Graduates of the MA in educational leadership will understand and be able to apply principles of instructional leadership, school or university governance, general leadership skills, organizational theory, program evaluation and more. “This program is suitable for current or aspiring principals and administrators in schools or universities, as well as for people who plan to pursue PhDs and become professors,” Hozayin remarked. “Professors need to know about how to teach and understand how people learn. University professors are professional educators, so they have to know learning theory. Psychologists and others have made amazing discoveries over the last 40 or 50 years about how people learn and how the brain works, and professors need to know these things. They also need to be aware of new pedagogies and the influences of technology on educational theory and practice.”
The program will provide theory, evidence and practical applications in the work of educational leaders at all levels and all types of educational institutions. Its concentrations provide specific applications for K-12 school leadership and for higher education, as well as courses teaching professional skills that may be used in any work setting.

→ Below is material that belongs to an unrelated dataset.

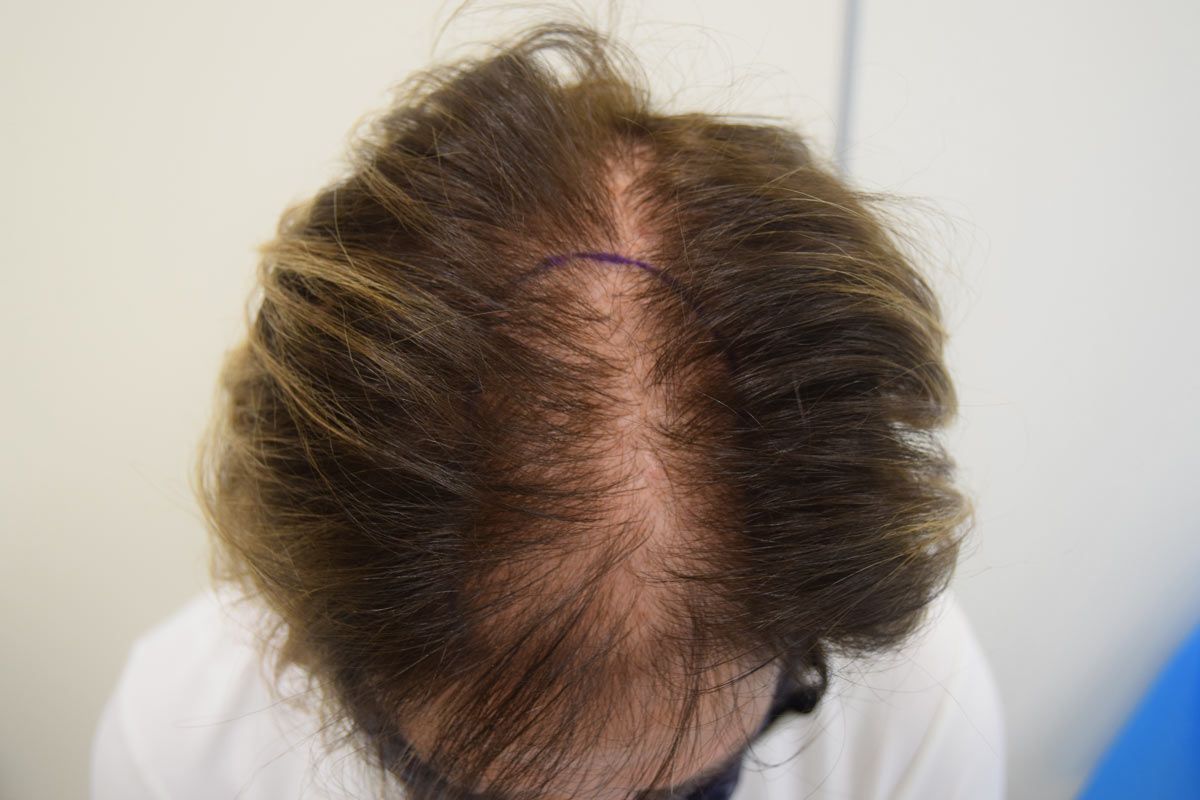 Alopecia femminile come curarla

“The MA in educational leadership is practical and skills-based, but with a very solid foundation in research,” Hozayin affirmed. “Participants in the educational leadership program will still have a background in international and comparative education, which is one of the most important focuses in modern education. Everyone who is an educator, whether they are teaching kindergarten or postgraduate or even running a university, has to keep looking ahead because now what we call ‘education’ is undergoing great changes. We can’t think that what we did in the past is going to work now and especially not in the future, but we can’t throw away the past, either, so it is a really challenging time for educators.”
Since 2010, the Graduate School of Education has offered a Master of Arts in international and comparative education, which seeks to develop in students the analytical skills for understanding how education impacts society and how society impacts education, as well as the social, political and economic elements of education.